そうするとつい最近、ネヴァダ州でアンドレンという一家が皆殺しにされるという事件があったことがわかる。
ヘッシューヴァレンの事件とネヴァダの事件に何らかの関係があるように思えたビルギッタは車でヘッシューヴァレンに行くことにする。

ヒューディックスヴァル警察署の警察官ヴィヴィ・スンドベリはビルギッタを冷たく迎えるが、ヘッシューヴァレンのアンドレン家の中を見させてくれる。
タンスの中にあった日記に「ネヴァダ」という文字を見つけ、ビルギッタは秘かに日記を持ち出す。
日記はJ・Aという頭文字の人間が書いたもので、彼はアメリカ大陸横断鉄道を建設する鉄道会社の工事主任で、ネヴァダ砂漠を東に向かって建設される鉄道の現場監督だった。

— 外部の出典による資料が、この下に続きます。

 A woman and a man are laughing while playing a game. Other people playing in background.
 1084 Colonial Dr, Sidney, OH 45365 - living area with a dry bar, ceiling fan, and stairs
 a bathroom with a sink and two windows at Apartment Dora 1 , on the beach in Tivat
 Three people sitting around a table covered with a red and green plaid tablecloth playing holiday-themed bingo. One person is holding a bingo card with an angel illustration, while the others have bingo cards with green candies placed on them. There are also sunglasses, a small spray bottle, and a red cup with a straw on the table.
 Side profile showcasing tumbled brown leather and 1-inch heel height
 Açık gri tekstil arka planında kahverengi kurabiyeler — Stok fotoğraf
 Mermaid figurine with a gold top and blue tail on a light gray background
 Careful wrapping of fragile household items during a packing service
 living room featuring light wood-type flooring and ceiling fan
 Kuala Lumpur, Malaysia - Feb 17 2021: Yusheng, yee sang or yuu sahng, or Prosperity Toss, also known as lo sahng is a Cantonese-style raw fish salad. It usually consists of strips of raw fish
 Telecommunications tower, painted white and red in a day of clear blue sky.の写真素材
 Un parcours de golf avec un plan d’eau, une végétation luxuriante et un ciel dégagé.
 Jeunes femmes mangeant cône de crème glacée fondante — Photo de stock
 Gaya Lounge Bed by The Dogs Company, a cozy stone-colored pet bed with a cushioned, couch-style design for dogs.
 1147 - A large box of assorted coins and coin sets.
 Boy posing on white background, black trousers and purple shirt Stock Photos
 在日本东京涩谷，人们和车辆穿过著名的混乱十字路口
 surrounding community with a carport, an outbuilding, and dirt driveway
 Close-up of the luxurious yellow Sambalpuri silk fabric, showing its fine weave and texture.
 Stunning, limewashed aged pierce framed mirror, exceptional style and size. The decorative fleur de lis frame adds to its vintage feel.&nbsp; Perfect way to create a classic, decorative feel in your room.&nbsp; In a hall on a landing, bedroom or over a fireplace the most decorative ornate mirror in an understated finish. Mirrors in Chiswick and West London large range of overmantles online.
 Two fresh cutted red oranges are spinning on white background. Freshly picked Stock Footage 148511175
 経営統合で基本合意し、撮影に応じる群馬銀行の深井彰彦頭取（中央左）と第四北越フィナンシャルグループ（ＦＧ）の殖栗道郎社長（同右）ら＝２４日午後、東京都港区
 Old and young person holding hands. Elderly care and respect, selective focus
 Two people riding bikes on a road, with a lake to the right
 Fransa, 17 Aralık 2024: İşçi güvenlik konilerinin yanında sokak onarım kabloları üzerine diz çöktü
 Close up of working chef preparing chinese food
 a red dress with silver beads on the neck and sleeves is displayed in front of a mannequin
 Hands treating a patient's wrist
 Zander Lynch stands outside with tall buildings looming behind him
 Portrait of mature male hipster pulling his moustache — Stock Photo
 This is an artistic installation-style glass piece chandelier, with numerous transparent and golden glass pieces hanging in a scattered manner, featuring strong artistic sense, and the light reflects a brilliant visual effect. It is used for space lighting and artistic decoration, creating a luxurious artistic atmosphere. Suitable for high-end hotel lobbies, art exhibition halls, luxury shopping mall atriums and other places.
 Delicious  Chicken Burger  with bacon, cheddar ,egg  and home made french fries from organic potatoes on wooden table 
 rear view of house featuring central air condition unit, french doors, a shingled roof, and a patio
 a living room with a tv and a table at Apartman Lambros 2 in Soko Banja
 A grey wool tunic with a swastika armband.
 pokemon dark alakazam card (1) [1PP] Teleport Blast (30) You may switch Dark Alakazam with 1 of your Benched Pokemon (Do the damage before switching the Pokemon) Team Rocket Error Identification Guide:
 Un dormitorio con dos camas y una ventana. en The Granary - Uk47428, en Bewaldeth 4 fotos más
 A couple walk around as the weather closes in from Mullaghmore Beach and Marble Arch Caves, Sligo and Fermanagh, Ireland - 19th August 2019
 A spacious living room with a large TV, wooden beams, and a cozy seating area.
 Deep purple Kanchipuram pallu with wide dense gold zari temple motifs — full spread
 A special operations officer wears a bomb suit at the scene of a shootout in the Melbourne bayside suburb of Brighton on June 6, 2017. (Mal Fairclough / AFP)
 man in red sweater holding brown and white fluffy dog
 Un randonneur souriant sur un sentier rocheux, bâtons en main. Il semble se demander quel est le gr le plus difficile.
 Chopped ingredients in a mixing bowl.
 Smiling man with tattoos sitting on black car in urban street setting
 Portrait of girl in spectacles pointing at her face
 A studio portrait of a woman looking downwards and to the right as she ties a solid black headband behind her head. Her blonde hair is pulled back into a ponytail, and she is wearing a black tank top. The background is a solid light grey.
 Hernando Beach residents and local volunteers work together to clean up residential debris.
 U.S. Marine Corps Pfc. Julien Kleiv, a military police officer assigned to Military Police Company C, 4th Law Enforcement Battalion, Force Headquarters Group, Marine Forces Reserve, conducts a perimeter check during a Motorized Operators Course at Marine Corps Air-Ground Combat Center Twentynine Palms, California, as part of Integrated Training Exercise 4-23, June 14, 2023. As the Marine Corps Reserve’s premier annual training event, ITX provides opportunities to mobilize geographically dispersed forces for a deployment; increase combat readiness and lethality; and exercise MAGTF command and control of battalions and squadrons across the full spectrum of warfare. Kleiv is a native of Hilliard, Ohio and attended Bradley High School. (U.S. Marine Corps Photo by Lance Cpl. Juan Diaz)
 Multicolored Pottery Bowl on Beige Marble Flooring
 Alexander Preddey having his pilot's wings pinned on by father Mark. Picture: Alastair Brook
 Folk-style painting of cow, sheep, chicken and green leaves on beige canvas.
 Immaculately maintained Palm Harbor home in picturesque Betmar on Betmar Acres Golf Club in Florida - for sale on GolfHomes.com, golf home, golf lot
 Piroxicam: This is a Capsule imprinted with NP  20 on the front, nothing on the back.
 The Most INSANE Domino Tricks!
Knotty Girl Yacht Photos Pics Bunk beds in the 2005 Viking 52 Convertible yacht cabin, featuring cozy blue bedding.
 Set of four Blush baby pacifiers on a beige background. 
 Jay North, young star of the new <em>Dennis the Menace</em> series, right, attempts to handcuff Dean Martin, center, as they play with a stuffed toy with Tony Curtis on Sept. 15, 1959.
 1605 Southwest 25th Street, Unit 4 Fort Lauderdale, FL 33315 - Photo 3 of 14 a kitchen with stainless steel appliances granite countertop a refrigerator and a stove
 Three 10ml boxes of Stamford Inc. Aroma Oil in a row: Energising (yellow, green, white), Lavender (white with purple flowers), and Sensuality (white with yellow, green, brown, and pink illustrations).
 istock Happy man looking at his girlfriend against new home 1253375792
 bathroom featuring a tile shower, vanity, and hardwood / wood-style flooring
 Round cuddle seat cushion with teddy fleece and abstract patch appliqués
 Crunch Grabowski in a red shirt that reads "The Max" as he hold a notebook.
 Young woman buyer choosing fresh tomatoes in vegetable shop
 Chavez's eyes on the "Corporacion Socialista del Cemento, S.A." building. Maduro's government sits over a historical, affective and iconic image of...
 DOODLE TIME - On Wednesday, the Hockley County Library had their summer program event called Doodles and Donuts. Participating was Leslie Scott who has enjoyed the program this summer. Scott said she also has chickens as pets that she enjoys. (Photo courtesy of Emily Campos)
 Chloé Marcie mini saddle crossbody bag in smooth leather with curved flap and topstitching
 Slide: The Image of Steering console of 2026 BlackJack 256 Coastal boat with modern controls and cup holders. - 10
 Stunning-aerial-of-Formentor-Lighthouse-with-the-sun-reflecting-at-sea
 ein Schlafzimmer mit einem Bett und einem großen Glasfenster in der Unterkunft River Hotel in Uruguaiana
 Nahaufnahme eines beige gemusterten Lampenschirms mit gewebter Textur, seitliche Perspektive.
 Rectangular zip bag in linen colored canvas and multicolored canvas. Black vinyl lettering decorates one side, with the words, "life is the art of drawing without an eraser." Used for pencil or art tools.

やがてビルギッタは中国の現在と過去に翻弄されていく…。

物語では中国とアメリカ、スウェーデンの1860年代、1960年代、そして2006年が歴史的、経済的、政治的にとつもなく大きくなスケールで描かれています。
特に中国の農民たちの悲惨な暮らしやアメリカに連れられていき、大陸横断鉄道建設にたずさわされた中国人たちの過酷な労働等、読む価値のある内容です。
スウェーデンの若者たちが中国の文化大革命をどういう風に受け取っていたのかがわかりました。

殺人事件の方は途中からおざなりで、結末はぱっとしなかったです。
ヴァランダーのようなミステリーを期待せず、中国のことを読むと思って読むといいのではないでしょうか。